Items from a data source
*****
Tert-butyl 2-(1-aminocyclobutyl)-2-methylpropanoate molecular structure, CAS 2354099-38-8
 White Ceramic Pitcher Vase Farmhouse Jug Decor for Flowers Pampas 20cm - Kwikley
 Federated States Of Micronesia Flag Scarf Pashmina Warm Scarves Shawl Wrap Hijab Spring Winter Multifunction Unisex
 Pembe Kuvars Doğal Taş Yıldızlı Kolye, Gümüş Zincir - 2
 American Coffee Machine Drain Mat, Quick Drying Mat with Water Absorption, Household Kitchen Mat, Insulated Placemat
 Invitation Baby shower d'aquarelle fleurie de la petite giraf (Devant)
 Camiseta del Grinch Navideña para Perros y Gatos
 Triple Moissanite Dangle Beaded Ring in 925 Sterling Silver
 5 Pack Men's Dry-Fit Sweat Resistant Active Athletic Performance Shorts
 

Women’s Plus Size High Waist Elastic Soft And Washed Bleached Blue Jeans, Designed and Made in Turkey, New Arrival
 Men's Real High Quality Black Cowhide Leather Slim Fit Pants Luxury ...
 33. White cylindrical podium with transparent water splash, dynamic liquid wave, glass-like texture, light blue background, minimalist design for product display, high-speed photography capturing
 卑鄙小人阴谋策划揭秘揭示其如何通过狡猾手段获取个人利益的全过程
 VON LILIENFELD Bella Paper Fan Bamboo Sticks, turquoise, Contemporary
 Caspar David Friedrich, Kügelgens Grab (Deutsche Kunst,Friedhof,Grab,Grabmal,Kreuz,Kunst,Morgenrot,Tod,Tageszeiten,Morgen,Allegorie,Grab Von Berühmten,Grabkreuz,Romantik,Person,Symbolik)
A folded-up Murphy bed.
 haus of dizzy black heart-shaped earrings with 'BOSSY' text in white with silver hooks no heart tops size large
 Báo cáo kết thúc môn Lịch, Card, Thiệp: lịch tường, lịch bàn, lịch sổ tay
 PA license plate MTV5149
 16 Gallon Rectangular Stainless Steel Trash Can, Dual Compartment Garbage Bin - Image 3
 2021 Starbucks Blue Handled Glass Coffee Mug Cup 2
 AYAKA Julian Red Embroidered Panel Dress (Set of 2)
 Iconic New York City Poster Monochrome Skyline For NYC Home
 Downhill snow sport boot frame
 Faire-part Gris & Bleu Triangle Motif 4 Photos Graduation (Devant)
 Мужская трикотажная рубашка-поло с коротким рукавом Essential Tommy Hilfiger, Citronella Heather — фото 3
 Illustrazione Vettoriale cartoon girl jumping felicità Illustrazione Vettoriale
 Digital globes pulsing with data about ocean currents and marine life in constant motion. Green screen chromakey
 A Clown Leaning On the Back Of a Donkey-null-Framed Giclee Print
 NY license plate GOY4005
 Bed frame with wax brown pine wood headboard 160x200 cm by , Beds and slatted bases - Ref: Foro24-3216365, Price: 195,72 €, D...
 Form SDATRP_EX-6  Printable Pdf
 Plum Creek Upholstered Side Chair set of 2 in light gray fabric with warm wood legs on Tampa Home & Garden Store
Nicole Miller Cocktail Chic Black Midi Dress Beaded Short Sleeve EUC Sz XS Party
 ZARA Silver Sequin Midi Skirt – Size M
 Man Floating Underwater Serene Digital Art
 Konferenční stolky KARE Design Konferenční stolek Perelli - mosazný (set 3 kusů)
*****
> TO DO:
Retype exactly the lines from the first line of the records above through the line containing "Triple Moissanite Dangle", both included, and nothing else.

> COMPLETED TASK:
Tert-butyl 2-(1-aminocyclobutyl)-2-methylpropanoate molecular structure, CAS 2354099-38-8
 White Ceramic Pitcher Vase Farmhouse Jug Decor for Flowers Pampas 20cm - Kwikley
 Federated States Of Micronesia Flag Scarf Pashmina Warm Scarves Shawl Wrap Hijab Spring Winter Multifunction Unisex
 Pembe Kuvars Doğal Taş Yıldızlı Kolye, Gümüş Zincir - 2
 American Coffee Machine Drain Mat, Quick Drying Mat with Water Absorption, Household Kitchen Mat, Insulated Placemat
 Invitation Baby shower d'aquarelle fleurie de la petite giraf (Devant)
 Camiseta del Grinch Navideña para Perros y Gatos
 Triple Moissanite Dangle Beaded Ring in 925 Sterling Silver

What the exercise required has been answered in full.